A recession beating vegetable

I'm not normally inspired by recession beating things, but then 'technically' Australia isn't in a recession! Plus I wouldn't actually advocate growing a vegetable for that reason; taste, yes; sustainability, absolutely; availability, sure; recession beating, not really. But seeing as this vegetable has more of the latter than the former I thought I would jump in on the bandwagon. So I present to you....the pigeon pea or Cajanus cajan.

Originally thought to be from Asia, the pigeon pea is a grain legume grown in the tropics and sub-tropics around the world. It is commonly used in permaculture as a pioneer plant being a nitrogen fixer and helping to break up clay soils. Being a fast growing drought tolerant shrub between 2-3m tall makes it a hardy windbreak. Other uses include mulch production and forage for poultry.

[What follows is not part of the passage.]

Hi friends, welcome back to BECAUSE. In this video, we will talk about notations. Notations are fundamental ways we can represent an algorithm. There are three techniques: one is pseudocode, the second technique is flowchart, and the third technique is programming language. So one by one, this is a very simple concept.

Some loitering pigeon peas

It was originally invited into our garden a few years ago and now refuses to leave a long time after the first plant was cut to the ground. In the past it was a useful shade plant for the veggies in summer, as well as screening from the neighbours and it has very pretty delicate yellow and red flowers. But we never really ate the peas despite the huge quantities weighing down the bushes, because I'd heard were poor tasting, until one day my step-father showed an interest in procuring some for his chickens. Well, if it's good enough for the chickens I figured it would be good enough for us!

Raw, the green peas taste like cucumber, but cooked they taste like the beans we ate with them. The hardest part is shelling the peas although not as unpleasant as shelling chick peas which have spiky 'fur' on them which scratches your fingers. It's just time consuming but the sense of pride of eating a vegetable you grew, with no actual effort on your part, makes it worth it. And that's not all. They are a good source of protein, they can be sprouted making them even more nutritious and they can be ground into flour. Talk about versatility in one vegetable!

Raw, naked peas

The dried peas also have a use, as apparently in India they are a staple for making dhal. We have few dried ones at the moment, but when the time comes I will be sure to compare a dhal from split peas as is common here to a pigeon pea version.

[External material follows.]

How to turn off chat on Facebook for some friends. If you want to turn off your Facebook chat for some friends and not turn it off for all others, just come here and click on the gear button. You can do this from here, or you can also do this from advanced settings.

So that is my amazing vegetable of the week - useful in the garden, on the table and a plant that just won't die! Ever grown or eaten pigeon peas? Do you have any unusual plants that you have grown or seen at the markets? Do you like buying random vegetables you've never heard of and experimenting?


  1. I have never had pigeon peas, and I am pretty sure I have never seen them around here, but now I'll be on the look out for some!

    I think the most unusual thing we are currently eating is garlic scapes--the flowering stalk of the garlic plants. They are pretty intense raw, but very mild when cooked.

  2. Cool! Never heard of this plant before. Experimentation is always fun, I need to do more of it when it comes to unusual veggies.

    - Sagan

  3. Patty - That's got me intrigued. Will have to google garlic scapes.

    Sagan - Yeah experimentation is fun. You never know what you can find.